Every record is to be duplicated exactly as it reads, without its images.
= = = = =
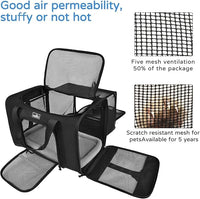 Dog Carriers for Small Dogs, Cat Carrier Travel, Expandable, Collapsible, 900D High Density Oxford Cloth, Wear-Resisting, Anti Tearing, Reflective Tape,Safety Lock Zipper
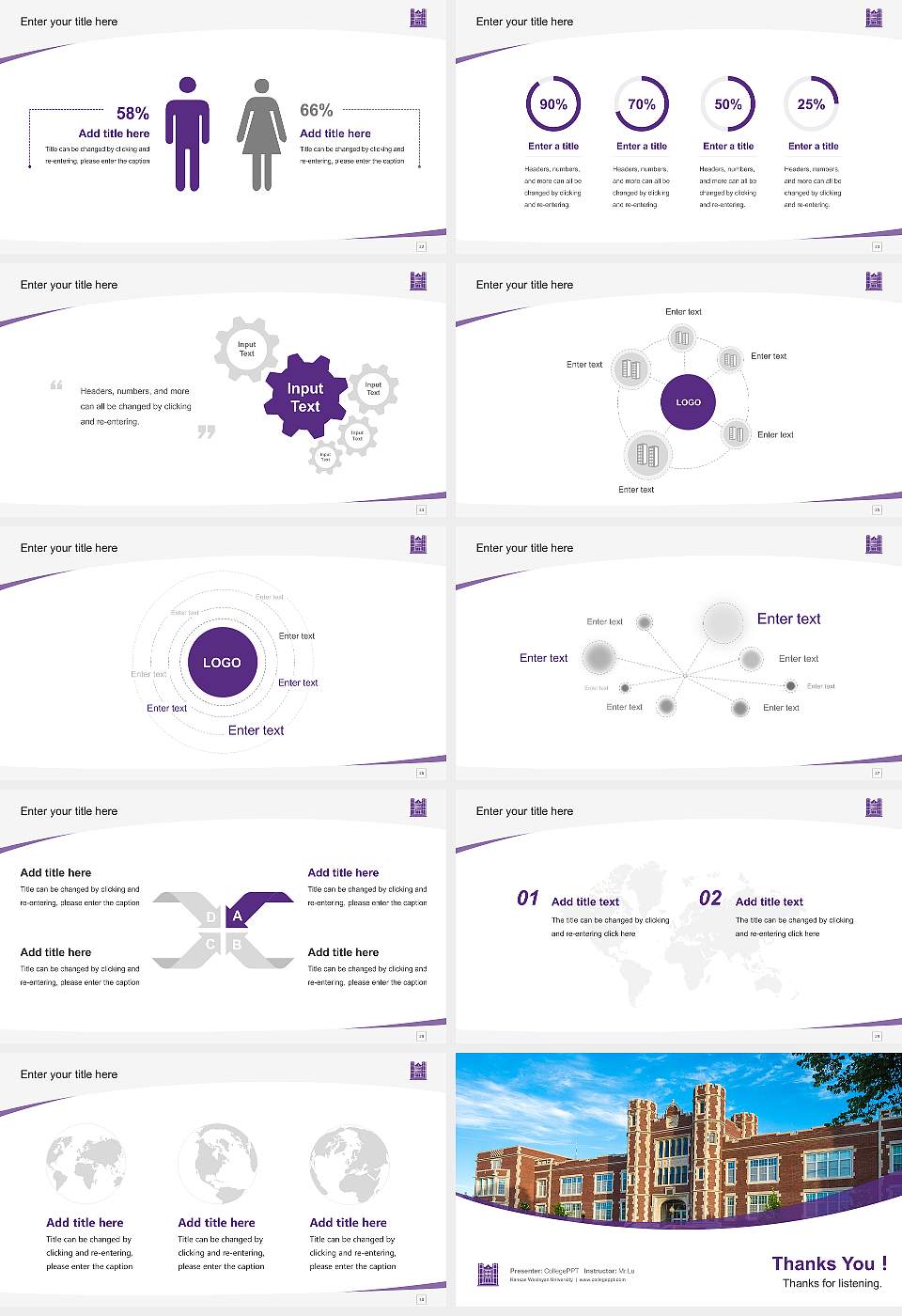 Kansas Wesleyan University Course/Courseware Creation PPT Template16:9 ratio PPT effect preview image4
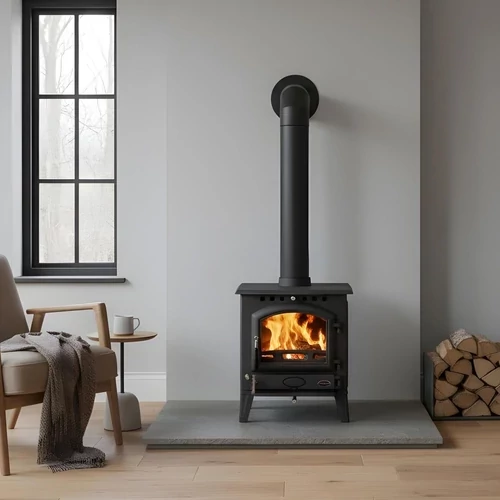 Șemineu din fontă, pe lemne și brichete WENTOREX Novara WS-D, 8 kW, negru mat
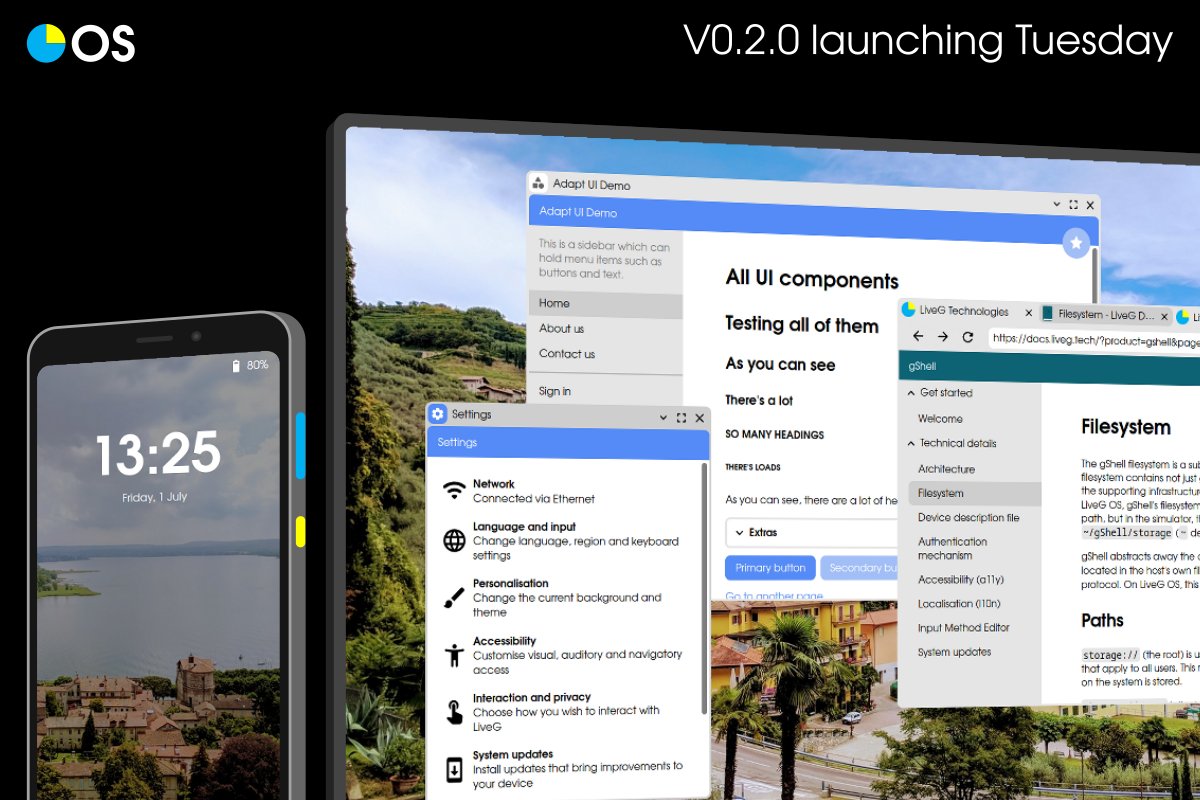 LiveGTech's tweet photo. Get ready for the latest Alpha release of LiveG OS, debuting on the #PinePhone and #RaspberryPi computers. Try out LiveG OS for yourself soon at https://t.co/Til74Boz9E
#LiveGOS #TeamLiveG https://t.co/xNps9BqWcg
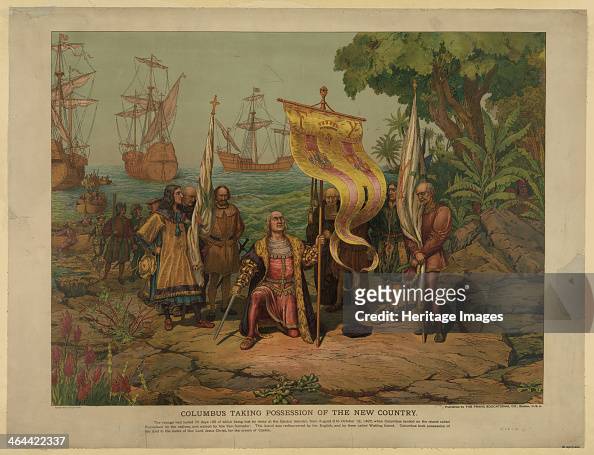 Columbus taking possession of the new country, 1893. Artist: Anonymous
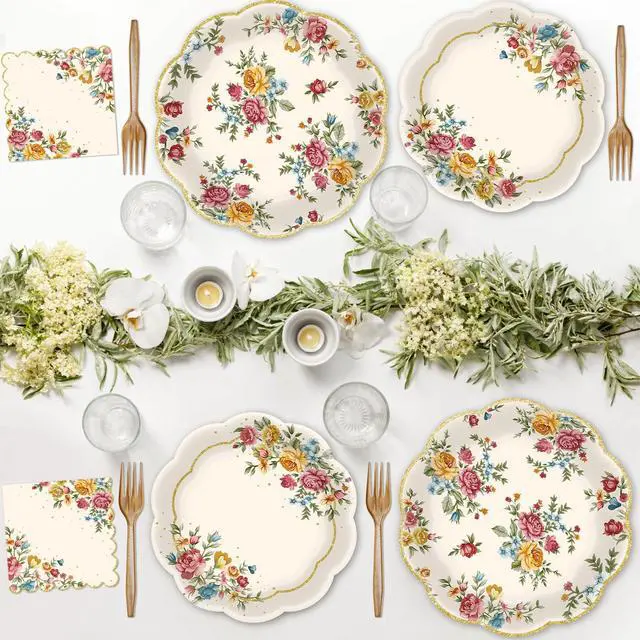 Alt view image 6 of 7 - 96 Pieces Vintage Floral Tableware Set Disposable Paper Plates, Napkins, and Forks for Tea Parties, Bridal Showers, Weddings, Birthdays, Mothers Day, and Garden Celebrations Serves 24 Guests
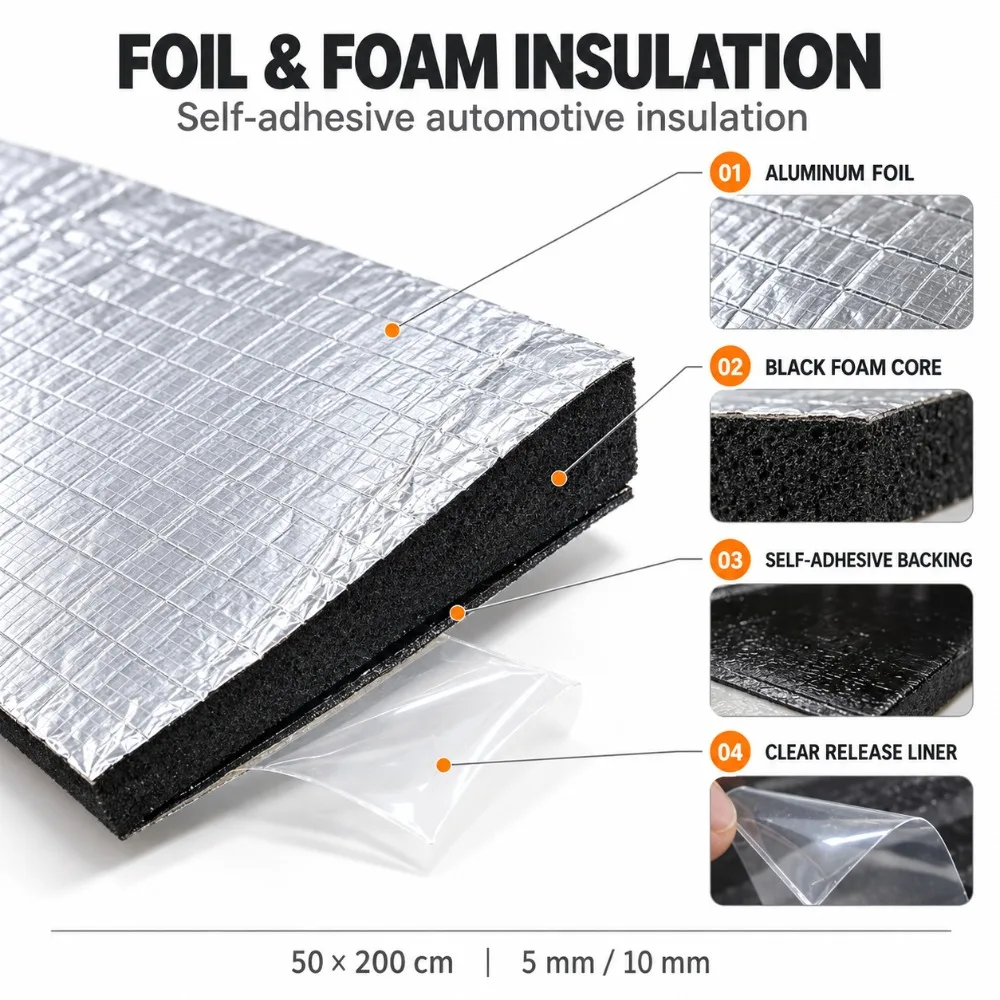 50x200cm Self Adhesive Aluminum Foil Sound Heat Insulation Foam Roll 5/10mm Thickness Soundproof Pad for Car Door Floor Trunk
= = = = =
Result of this exercise:
 Dog Carriers for Small Dogs, Cat Carrier Travel, Expandable, Collapsible, 900D High Density Oxford Cloth, Wear-Resisting, Anti Tearing, Reflective Tape,Safety Lock Zipper
 Kansas Wesleyan University Course/Courseware Creation PPT Template16:9 ratio PPT effect preview image4
 Șemineu din fontă, pe lemne și brichete WENTOREX Novara WS-D, 8 kW, negru mat
 LiveGTech's tweet photo. Get ready for the latest Alpha release of LiveG OS, debuting on the #PinePhone and #RaspberryPi computers. Try out LiveG OS for yourself soon at https://t.co/Til74Boz9E
#LiveGOS #TeamLiveG https://t.co/xNps9BqWcg
 Columbus taking possession of the new country, 1893. Artist: Anonymous
 Alt view image 6 of 7 - 96 Pieces Vintage Floral Tableware Set Disposable Paper Plates, Napkins, and Forks for Tea Parties, Bridal Showers, Weddings, Birthdays, Mothers Day, and Garden Celebrations Serves 24 Guests
 50x200cm Self Adhesive Aluminum Foil Sound Heat Insulation Foam Roll 5/10mm Thickness Soundproof Pad for Car Door Floor Trunk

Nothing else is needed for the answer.